O texto de hoje é inspirado em matéria que escrevi há cerca de um ano, e agora dois fatos chocantes esta semana (links abaixo) me levaram a retomar o tema. Nossos bichos estão sofrendo.


FOLHA DE S. PAULO
Em extinção, veado tem corpo queimado em canavial

JORNAL NACIONAL
Animais vão para as cidades | LEIA | ASSISTA |



Como biólogo e fotógrafo de natureza, o meu grande interesse sempre foram os animais silvestres, e encontrá-los em seu ambiente natural é um dos principais objetivos quando estou em campo. Fotografar aves, mamíferos, peixes, jacarés e invertebrados livres na natureza exerce um fascínio especial. E, geralmente, quanto mais bicho melhor.


Carcaça de jacaré, provavelmente morto por caçadores,
flutua em rio do Pantanal

FOTO © Daniel De Granville, 2006


Durante um trabalho fotográfico que fiz para a Conservação Internacional, fiquei impressionado com a quantidade de animais que vi em uma curta caminhada: bandos de macacos, queixadas, quatis, araras e tatus. Porém, ao mesmo tempo em que me senti feliz por manter um contato tão próximo com a vida selvagem, fiquei muito preocupado. Deixem-me explicar.

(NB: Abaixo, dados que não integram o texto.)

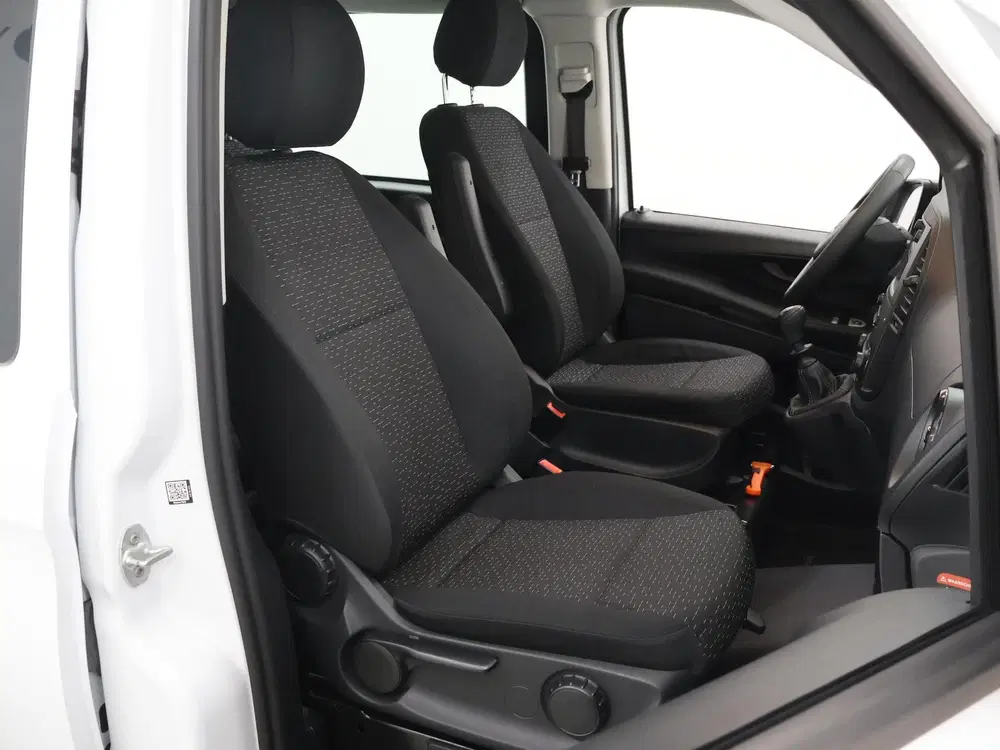Mercedes-Benz Vito 114 CDI uit 2024, foto 10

De maneira simplificada, todo ambiente natural comporta uma determinada quantidade de espécies e um tanto de indivíduos de cada espécie. Isto está associado às características do ambiente no que se refere à variedade e abundância de alimentos e de abrigo. Uma população de determinado animal se controla naturalmente de acordo com a oferta destes fatores. Assim, da mesma forma que a ausência de alguns bichos pode indicar que eles foram eliminados de lá devido a alterações na área, a presença excessiva de certos animais também pode ser indicativo de impacto ambiental. No caso deste lugar que eu fui, a mata era um dos últimos remanescentes intactos nos arredores. O restante era pastagem e lavoura. Ou seja, esta grande concentração de bichos pode ser conseqüência deles não terem mais para onde ir – conforme o desmatamento avança, eles procuram se refugiar nos lugares que sobraram.

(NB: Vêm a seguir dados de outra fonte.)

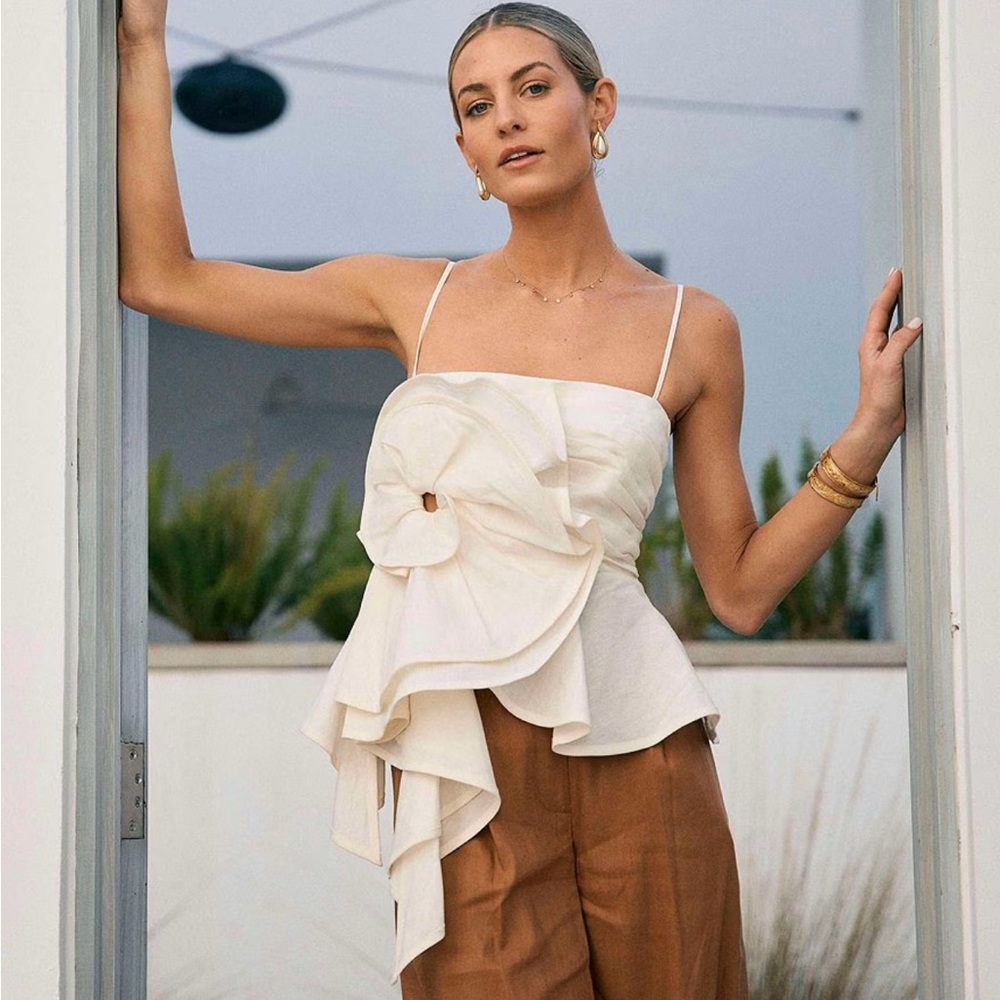Antonio Melani x M.G. Style Alys Linen Blend Voluminous Flower Top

Só que muitos animais em um espaço pequeno pode gerar problemas: primeiro, a pressão sobre os recursos naturais aumenta de forma descontrolada. Os macacos, por exemplo, podem começar a se alimentar dos ovos e filhotes nos ninhos das aves até eliminá-las de lá. Com estas aves desaparecendo, pode acontecer de determinadas espécies de plantas que dependem das aves para se disseminar virem a sumir também, em um processo cíclico e muito prejudicial ao equilíbrio natural.

A outra conseqüência negativa é com relação à chamada variabilidade genética. Com muitos indivíduos de uma espécie vivendo confinados em um ambiente reduzido, começam a ocorrer cruzamentos entre “parentes”, e isto torna a população muito homogênea e frágil em termos genéticos. Como resultado, estes animais ficam vulneráveis a doenças ou modificações no ambiente, tornando-se suscetíveis a extinções locais.
É meio chato pensar assim, mas cada vez que eu vejo notícias de araras e outros animais “do mato” aparecendo em áreas urbanas – coisa que não acontecia antes, conforme algumas pessoas mais antigas testemunham – fico preocupado com os motivos que podem ter levado estes bichos a “apelarem” para a metrópole. Mas é claro que não deixo de aproveitar a chance para apreciar a sua beleza!